Oh, wow. Yeah. That's cool. Maybe they like had some corn and common beefy. So wait, then you went to college in Boston and you were there for three years, four years? Yeah. I was there for like three and a half years. I did sort of the like accelerated track where I went to school during the summer semesters as well. So what did you study? I'm sure we've spoken about this but I forgot. What did you study at Berkeley? Well, I went to study voice because I had been a singer for a really long time and when I got there, the vocals department kind of sucked, so it's like really bad to say that now.
Yeah. I think it's improved a lot. Yeah, just a little, I'm sure. So yeah, I went for that and it just didn't, it wasn't that substantial. So I had a roommate at the time and she was studying production and engineering and she like brought me to the studio and I really loved it. And so it like took me on that whole track, which was really perfect for me because I'm kind of very right and left brain. Yeah. And that's all the best stuff for it. I know. You did music production. That's awesome. Yeah. Which is like your neighbor because you did music synth, right? Yeah, which is not a major anymore.
They don't call it that. They've changed that. Well, I mean, it's a terrible name. Music synthesis, I'm sure I've mentioned this before, but it's like that literally means nothing. Yeah. Like it may be contrast images of like synthesizers or something, but it was like, and I think they've defined it to like electronic music production and engineering or something like a little more descriptive for what it actually was, but you're right. It was two. There were the twin departments. There was MPNE and the music synthesis. So what are you learning and so I went to Berkeley 2003. I graduated college and went to Northeastern and I did a one week application for Northeastern.
I put down psychology. I was high. I smoked a joint. It was like a psychology. Yeah, I'm into that. Seriously. I put it down. Psychology. This is a total two week application. They came back and they gave me like a decent scholarship, so I was like, all right, I'm going there. I wanted to go to Boston. Almost all my schools were there. I got there. I hated it. I mean, I like Northeastern as a school. They had the co-op where you could go and like get a job after, but the psychology stuff was like literally awful huge lecture halls, just like classic images of college. Yeah, it was it was just awful.
So I left there and then went to Berkeley in 2003. I didn't end up graduating until 2008. So yeah. Well, I'm sure by the time you were there, because when I was there, they had like just gotten the first Pro Tools rigs in there. I mean, it was like, it was just crossing that threshold into like the digital era. So a lot of what I studied was analog. I mean, like we were cutting tape. That's why I asked. Yeah. You know, so I think now it's a totally different ballgame there and like it makes sense that they've renamed music synthesis department because what it was was like all of these like super nerds like sitting in a room at these little like cute like little carts, like horrible Pro Tools interfaces that were just like really slow.
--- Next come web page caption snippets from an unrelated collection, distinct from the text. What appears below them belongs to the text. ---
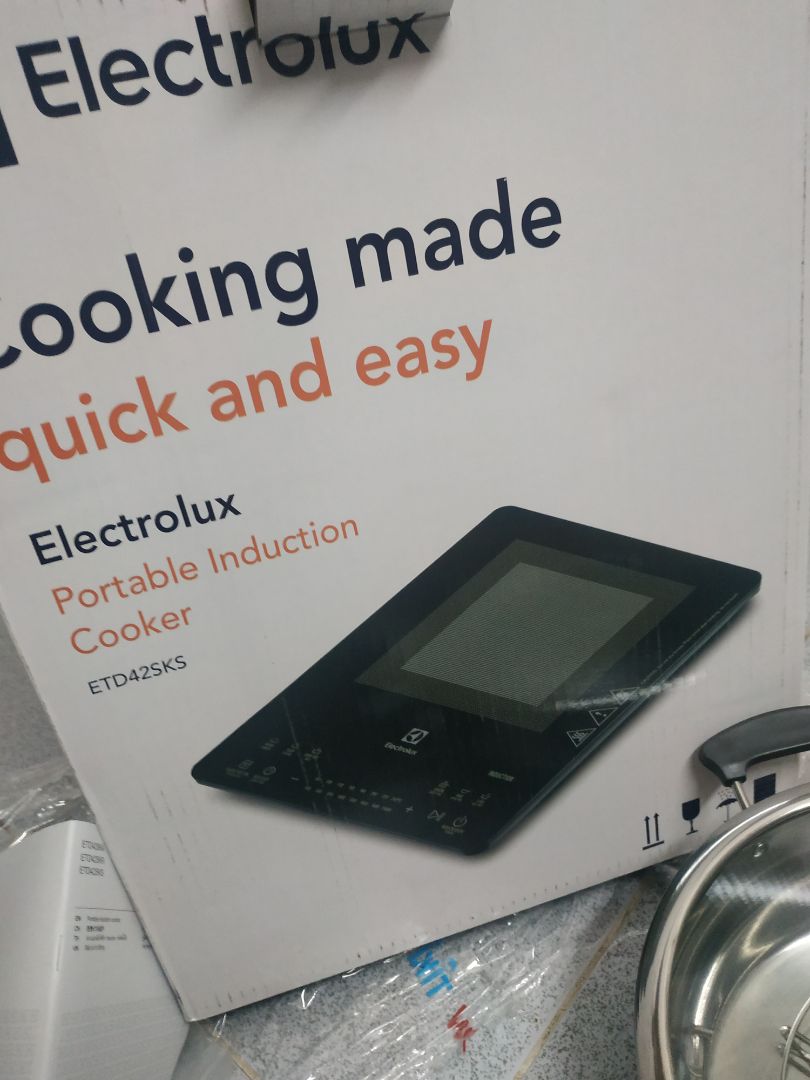 dùng rất tốt, tặng nồi và chảo, cái chảo hình vuông to lắm dài 30 rộng 20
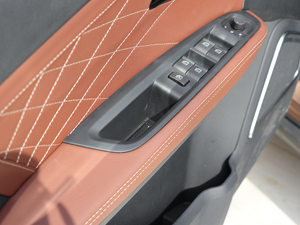 2018R7C 1.6L ք(dng)A g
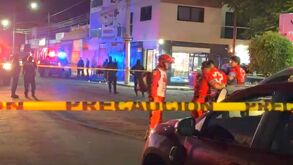 Gustavo N., de 38 años, fue ejecutado a tiros dentro de una barbería en Tehuacán. Hallan 10 casquillos percutidos. La policía investiga si era cliente o dueño.
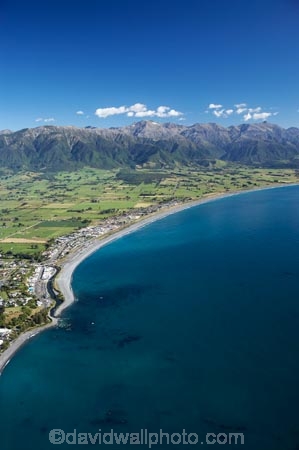 aerial;aerial-photo;aerial-photography;aerial-photos;aerial-view;aerial-views;aerials;coast;coastal;coastline;coastlines;coasts;Kaikoura;Marlborough;N.Z.;New-Zealand;NZ;ocean;S.I.;sea;Seaward-Kaikoura-Range;Seaward-Kaikoura-Ranges;shore;shoreline;shorelines;shores;SI;South-Island;water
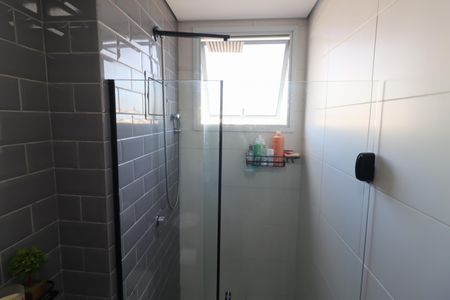 Banheiro da Suíte 1 de apartamento para alugar com 2 quartos, 73m² em Umuarama, Osasco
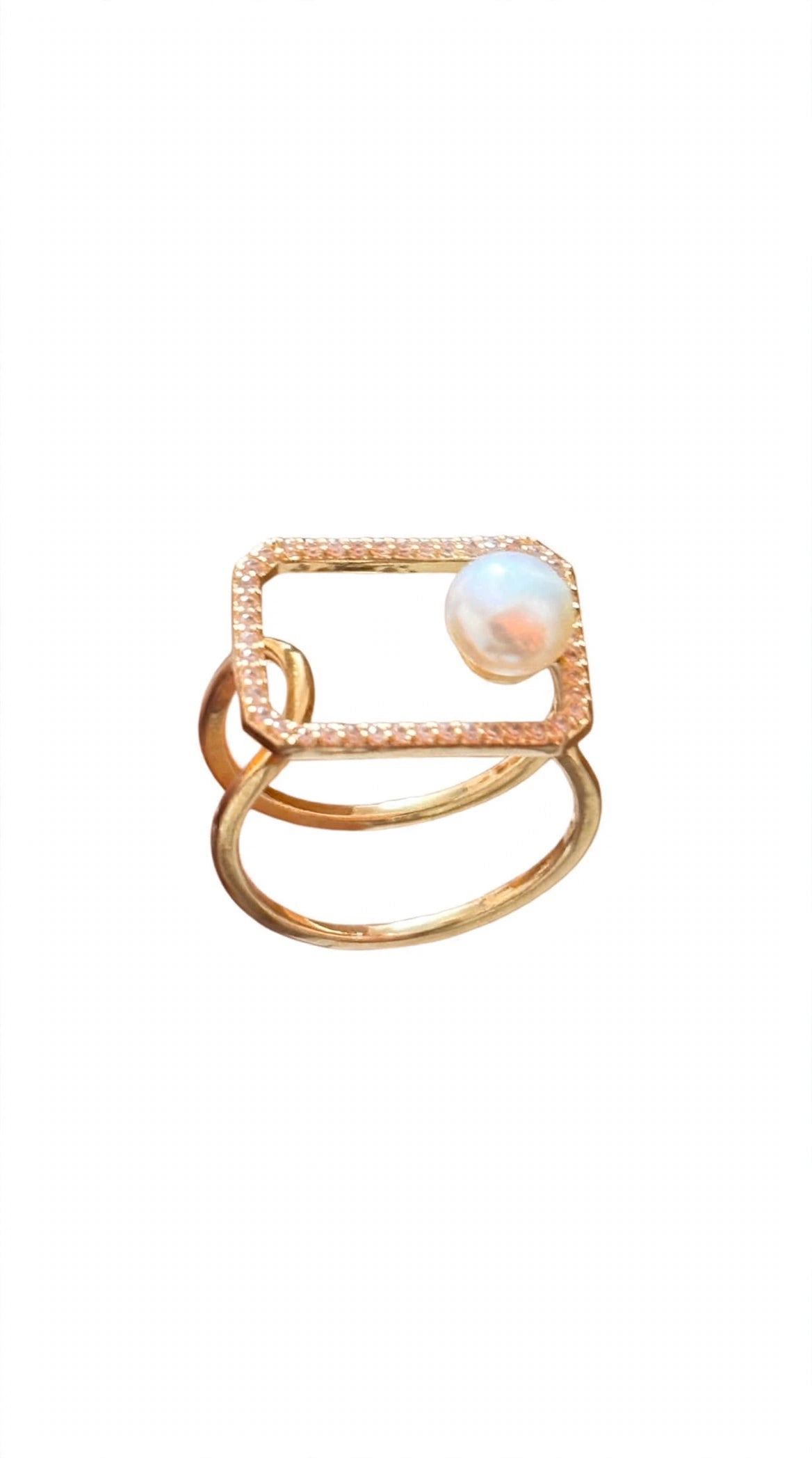 Aura Pearl Frame Ring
And then occasionally we would like, you know, just talk about like some wall of like analog synthesizer that was a sizable wall. Yeah. But yeah, it's very, very different now. And anybody in their mother knows how to use Pro Tools now. So it's really fascinating. What do you what do you use to edit and I still use Pro Tools just because I was on it so long, I'm like, I'm, I'm just very fast editor on there and it's like the language I know. That's exactly what that's all comes down to. I use Pro Tools while I was at Berkeley, but only because it was available because they had the studios and everything and they made you get the M boxes.
I worked in the technical place too. I had to fix everyone's inbox, which is a nightmare, it was really, really quite awful. But it is like, I use logic in Ableton primarily now, but I mean, I know so many people and now they have now you don't even need hardware to use Pro Tools. They have the free version, which is super sweet. Yeah, it's changed radically. And I think actually, I mean, it's interesting because a lot of them do the same things now. I mean, it used to be that logic and Ableton were totally different animals, but you know, you can pretty much use all of them and they're all really good interfaces.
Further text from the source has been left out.